The Change Rests With Us
The world is made up of people. It would be more than reasonable to assume that if we transform people, we transform the world. And the best thing to transform people are people. And in a world becoming increasingly disconnected and polarized, it seems that we’ve failed to recognize that you and I are people, and that everyone else around us are people just as much as we are. And because we are people, next to God we are the greatest agent for change the world has ever known.
Therefore, we must personally embody all the things that we want our world to be. We must both embrace and simultaneously exude the qualities and characteristics that we want to see in the world around us. When we read the headlines, or scan social media, or watch the movements of government and industry, what we want to see them do is what we need to be.
Steps to Unleashing Ourselves
To do that, we first need to take blunt and careful stock of who we are to make certain that we’ve not become the very world that we criticize. Far too often we possess and act out the very qualities that we so punitively despise in others. The utterly irrevocable criteria that we must embrace if we are to change the world is that to change the world, we must first change ourselves. And in engaging in a process of this magnitude, what we quickly discover is that changing the world is a whole lot easier than changing ourselves.
Second, we would be wise to understand that changing the world involves the incorporation of core attributes and key values without which any change regardless of how grand will die a certain death. And so, that foundational change within ourselves must be one where we fearlessly adhere to timeless morals that demand we do the right thing regardless of the cost incurred or criticism suffered. We must abide by a bold set of ethics that demand that we do no harm, and that we intentionally leave every situation better than the way we found it. We must realize that of ourselves our reach barely reaches outside of ourselves, but when we partner with God our reach is no longer defined by the length of who we are. Bold ideas and whimsical visions and warm gestures cannot be sustained without the development of these core values.
Third, we then need to aggressive and thoroughly cultivate those characteristics until they usurp and completely commandeer the very essence of our being. To transform we must first be transformed or be in the process of transforming. And when we bring this transformation in contact with the people around us, the universally shared nature of our humanity is certain stimulate and elicit these very changes in those whose lives we touch.

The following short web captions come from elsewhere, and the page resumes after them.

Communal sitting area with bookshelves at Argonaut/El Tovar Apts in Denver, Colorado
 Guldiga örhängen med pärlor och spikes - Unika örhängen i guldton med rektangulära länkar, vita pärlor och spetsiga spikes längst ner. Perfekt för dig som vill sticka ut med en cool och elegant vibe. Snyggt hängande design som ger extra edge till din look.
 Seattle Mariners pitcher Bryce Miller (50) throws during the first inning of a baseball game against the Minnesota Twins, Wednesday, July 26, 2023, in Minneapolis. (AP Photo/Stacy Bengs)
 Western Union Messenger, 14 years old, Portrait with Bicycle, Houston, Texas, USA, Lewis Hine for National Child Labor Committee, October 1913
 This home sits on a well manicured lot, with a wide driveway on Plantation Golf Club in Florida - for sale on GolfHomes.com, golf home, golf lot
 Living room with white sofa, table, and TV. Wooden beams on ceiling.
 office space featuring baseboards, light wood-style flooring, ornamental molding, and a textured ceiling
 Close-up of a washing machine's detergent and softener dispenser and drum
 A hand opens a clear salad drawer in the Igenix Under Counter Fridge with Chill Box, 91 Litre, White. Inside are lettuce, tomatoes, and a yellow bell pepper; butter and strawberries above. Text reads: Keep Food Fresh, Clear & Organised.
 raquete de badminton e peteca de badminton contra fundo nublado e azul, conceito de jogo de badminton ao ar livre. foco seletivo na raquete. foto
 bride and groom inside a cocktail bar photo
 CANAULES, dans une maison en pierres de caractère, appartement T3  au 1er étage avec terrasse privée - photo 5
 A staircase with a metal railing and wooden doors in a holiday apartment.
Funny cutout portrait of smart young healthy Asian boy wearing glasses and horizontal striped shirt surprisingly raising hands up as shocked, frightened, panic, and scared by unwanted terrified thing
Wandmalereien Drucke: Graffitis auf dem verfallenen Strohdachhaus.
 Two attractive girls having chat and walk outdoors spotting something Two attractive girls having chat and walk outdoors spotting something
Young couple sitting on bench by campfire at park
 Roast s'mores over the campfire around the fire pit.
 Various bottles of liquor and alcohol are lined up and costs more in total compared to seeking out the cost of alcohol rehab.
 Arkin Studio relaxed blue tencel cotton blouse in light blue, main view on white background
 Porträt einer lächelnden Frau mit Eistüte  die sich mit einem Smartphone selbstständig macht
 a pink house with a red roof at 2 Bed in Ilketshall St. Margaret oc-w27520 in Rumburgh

While we may not have access to institutions, or the penning of legislation, or military power, or the writing of platitudes, or wealth, every single one of us has access to people. And if each one of us touches one person each day, and if that touch is undergirded by a renewed set of morals restored, unashamedly guided by a bold collection of ethics, and given over to God we need not worry about the state of the culture because in those very actions we are dynamically and even radically transforming the state of the culture itself. And despite all that has failed us, in the end we now have the distinct possibility of creating the very world that we all desperately yearn for.